Arsin bahkan dijuluki "mandor pagar laut." Dalam penyelidikan, ia disebut menjadi salah satu otak di balik pemagaran laut. Pada tanggal 31 Januari 2025, Kementerian Kelautan dan Perikanan (KKP) telah memeriksa sedikitnya 13 saksi, termasuk dua perwakilan Jaringan Rakyat Pantura (JRP) yang mengaku membangun pagar secara swadaya.

Namun, klaim "swadaya" itu menuai kritik. Anggota DPR dari Fraksi PKS, Mulyanto, menyebut biaya pembangunan pagar laut sepanjang itu bisa mencapai Rp15 miliar, mustahil dibiayai oleh nelayan biasa. 

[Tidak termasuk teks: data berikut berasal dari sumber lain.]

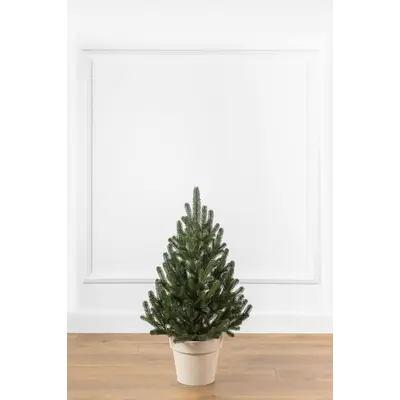 Ялинка лита "Віденська" в горщику зелена 0,70м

Sanksi Miliaran dan Akhir Investigasi

Puncaknya, KKP menjatuhkan sanksi denda sebesar Rp48 miliar kepada dua pelaku utama, termasuk Kades Arsin. Menteri Trenggono menyatakan, proses investigasi kini dihentikan karena telah ada pihak yang bertanggung jawab. 

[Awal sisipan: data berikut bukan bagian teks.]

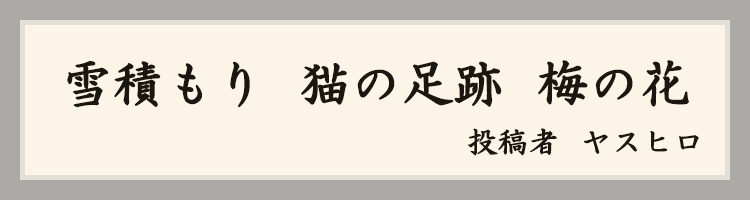 ハットにゃん賞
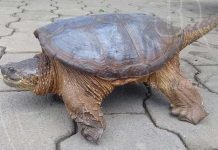 Taxista libera a una Tortuga Lagarto nicaragua
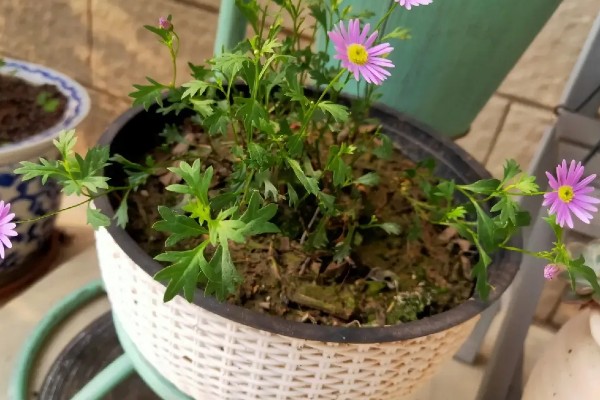 姬小菊的换盆方式，根部修剪完后可直接上盆种植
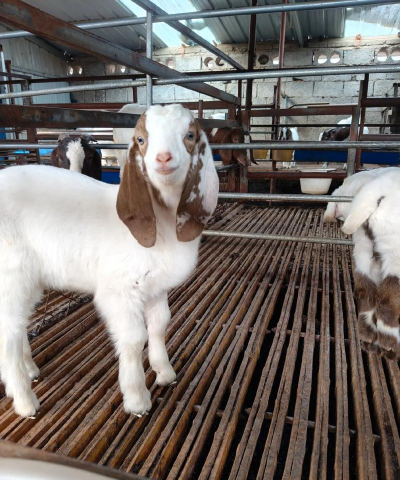 家里阳光不足怎么养花，选对植物种类，掌握养护技巧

Menurut Trenggono dua pelaku sudah terbukti nyata melakukan pemagaran sehingga investigasi dihentikan, jelas Trenggono dalam rapat kerja dengan Komisi IV DPR pada tanggal 27 Februari 2025.

“Pada akhirnya melalui penyelidikan maka ditemukan dua pelaku yang jelas yang telah terbukti secara nyata melakukan pemagaran dan yang bersangkutan telah mendapatkan sanksi administratif,” ujar Trenggono, di kompleks parlemen senayan.

Namun hingga kini masyarakat nelayan masih menunggu pemulihan. Masyarakat telah kehilangan waktu, biaya, bahkan pendapatan akibat proyek pagar yang kini dianggap ilegal. Sebagian pihak juga menuntut transparansi dana, audit penggunaan material, dan evaluasi pengawasan zonasi laut ke depan.

Kasus pagar laut ini menjadi cermin penting bahwa konflik ruang laut bukan lagi sekadar soal batas administratif, tapi menyangkut hidup orang banyak. Negara harus hadir tidak hanya sebagai penghukum, tetapi juga sebagai pelindung ruang hidup rakyatnya.